START Records supplied

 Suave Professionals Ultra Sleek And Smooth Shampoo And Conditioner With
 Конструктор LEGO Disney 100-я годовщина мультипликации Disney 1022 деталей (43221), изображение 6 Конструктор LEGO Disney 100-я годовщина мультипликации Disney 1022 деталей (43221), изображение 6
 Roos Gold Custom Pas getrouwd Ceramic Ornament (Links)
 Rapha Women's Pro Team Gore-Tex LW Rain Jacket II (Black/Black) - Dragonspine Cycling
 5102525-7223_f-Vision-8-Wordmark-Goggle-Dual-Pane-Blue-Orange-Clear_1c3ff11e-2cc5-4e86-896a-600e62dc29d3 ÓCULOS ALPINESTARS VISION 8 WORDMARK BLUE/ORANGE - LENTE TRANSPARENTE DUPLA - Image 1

END Records supplied
START Records supplied

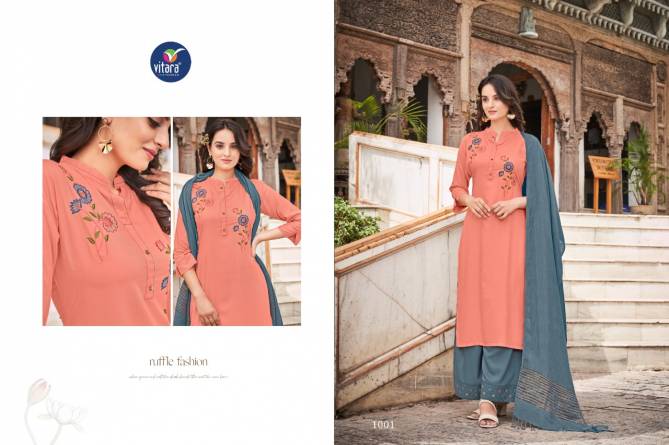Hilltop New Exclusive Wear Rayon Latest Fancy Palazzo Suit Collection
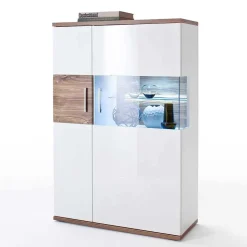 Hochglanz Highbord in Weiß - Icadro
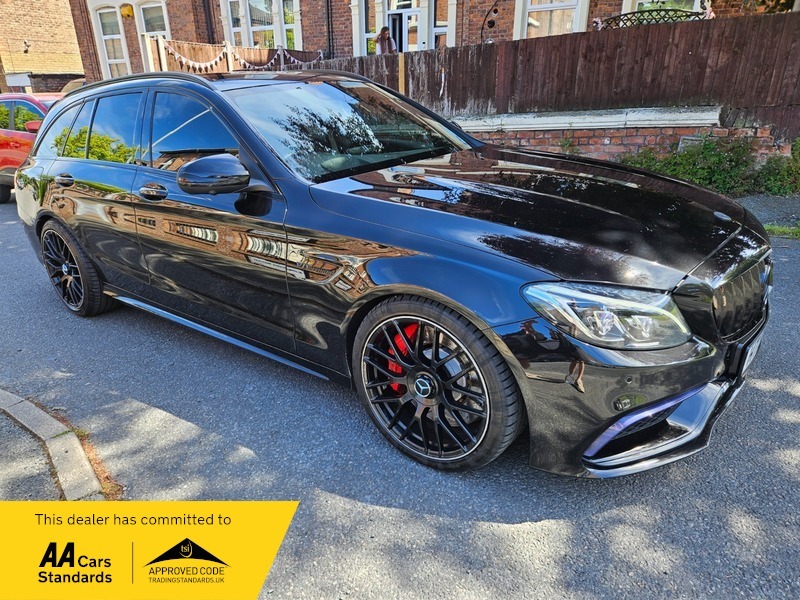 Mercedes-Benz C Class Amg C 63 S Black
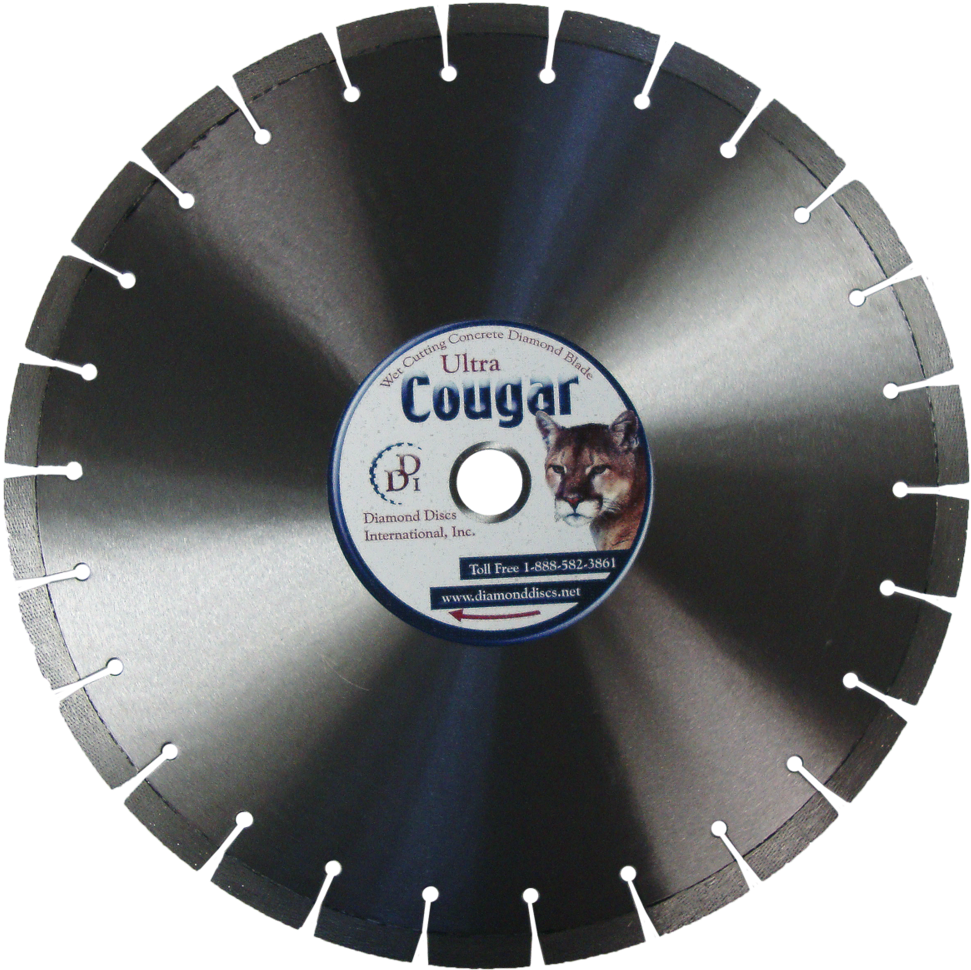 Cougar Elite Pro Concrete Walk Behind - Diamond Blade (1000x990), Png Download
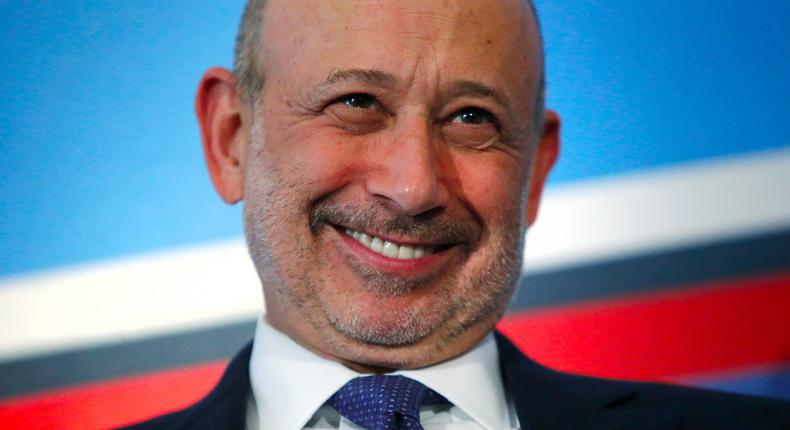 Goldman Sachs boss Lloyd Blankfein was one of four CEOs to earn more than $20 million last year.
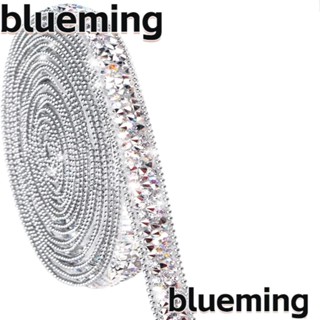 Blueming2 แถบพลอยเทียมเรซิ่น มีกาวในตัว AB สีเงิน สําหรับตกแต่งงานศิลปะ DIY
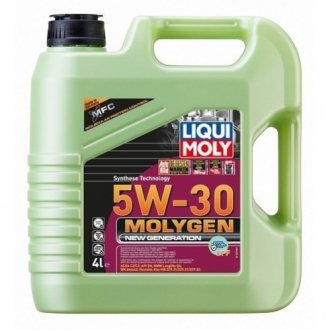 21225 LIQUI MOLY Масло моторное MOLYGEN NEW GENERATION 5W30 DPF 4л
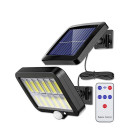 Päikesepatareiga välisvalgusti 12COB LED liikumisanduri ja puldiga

END Records supplied
START Records supplied

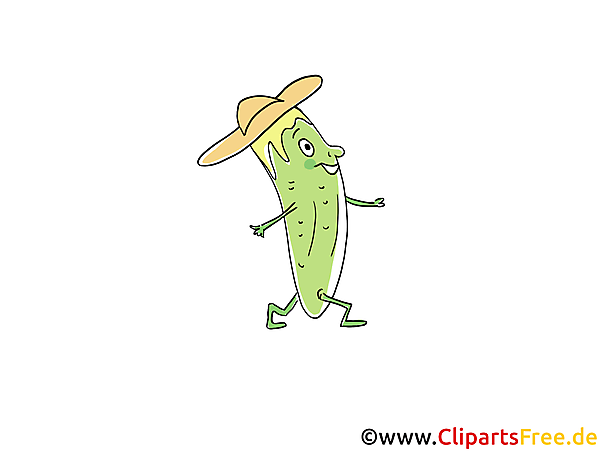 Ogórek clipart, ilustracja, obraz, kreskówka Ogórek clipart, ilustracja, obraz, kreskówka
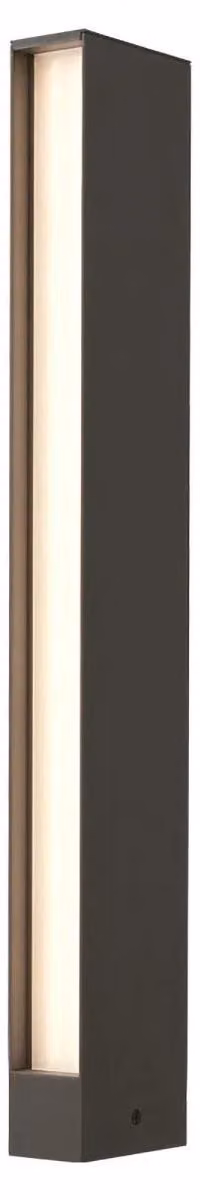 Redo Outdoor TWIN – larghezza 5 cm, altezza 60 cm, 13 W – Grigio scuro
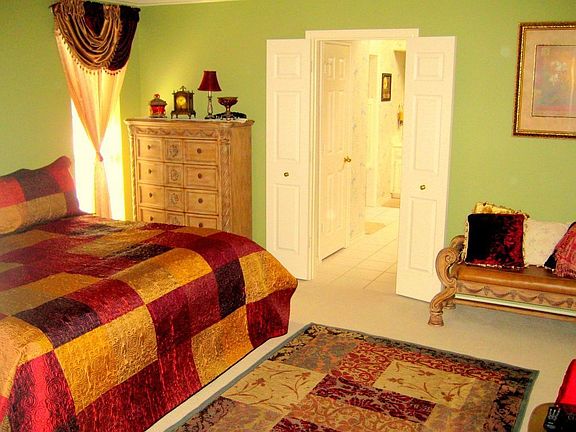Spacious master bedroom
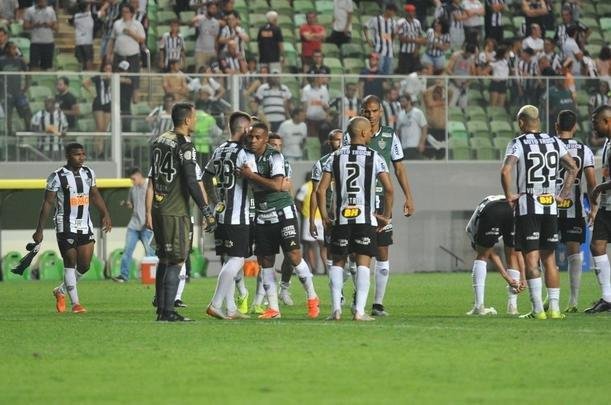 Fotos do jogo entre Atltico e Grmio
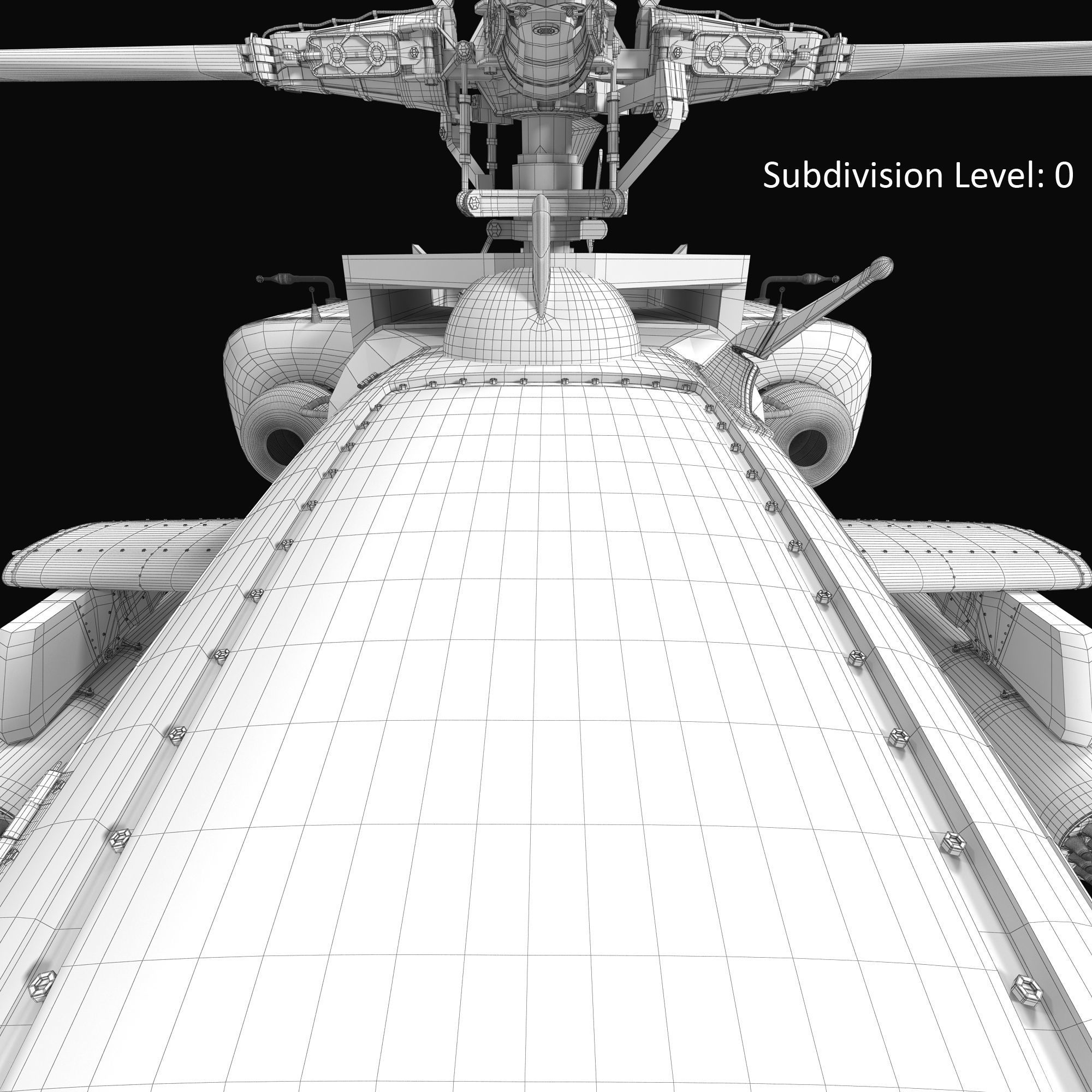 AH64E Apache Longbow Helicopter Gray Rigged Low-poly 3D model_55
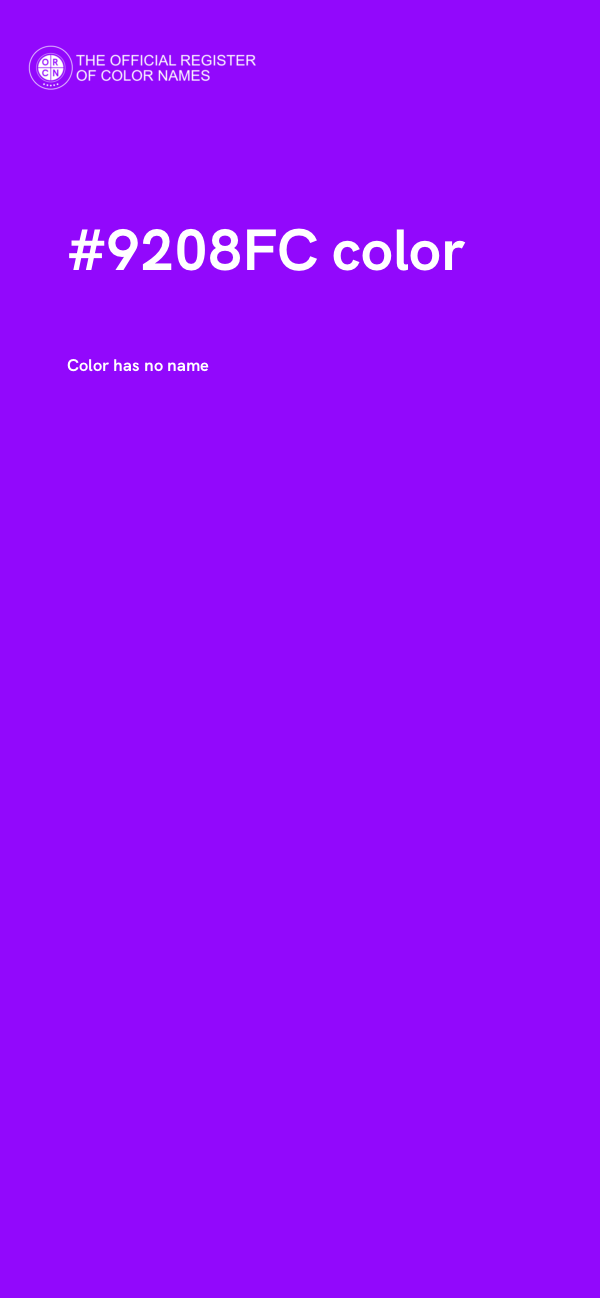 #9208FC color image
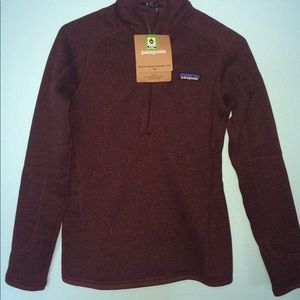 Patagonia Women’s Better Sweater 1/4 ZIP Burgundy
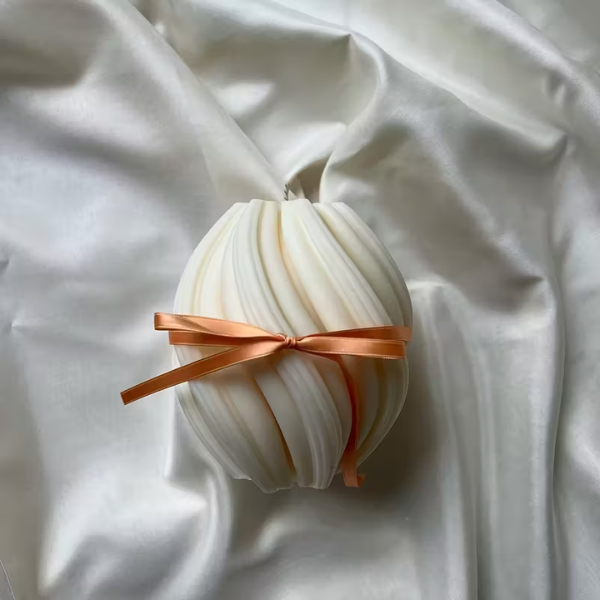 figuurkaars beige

END Records supplied

◆ **About this task**: Go back to the lines above and output, exactly as they stand, the ones from the line containing "Spacious master bedroom" to the line containing "figuurkaars beige". Leave all pictures behind.

◆ **Answer below**:
Spacious master bedroom
 Fotos do jogo entre Atltico e Grmio
 AH64E Apache Longbow Helicopter Gray Rigged Low-poly 3D model_55
 #9208FC color image
 Patagonia Women’s Better Sweater 1/4 ZIP Burgundy
 figuurkaars beige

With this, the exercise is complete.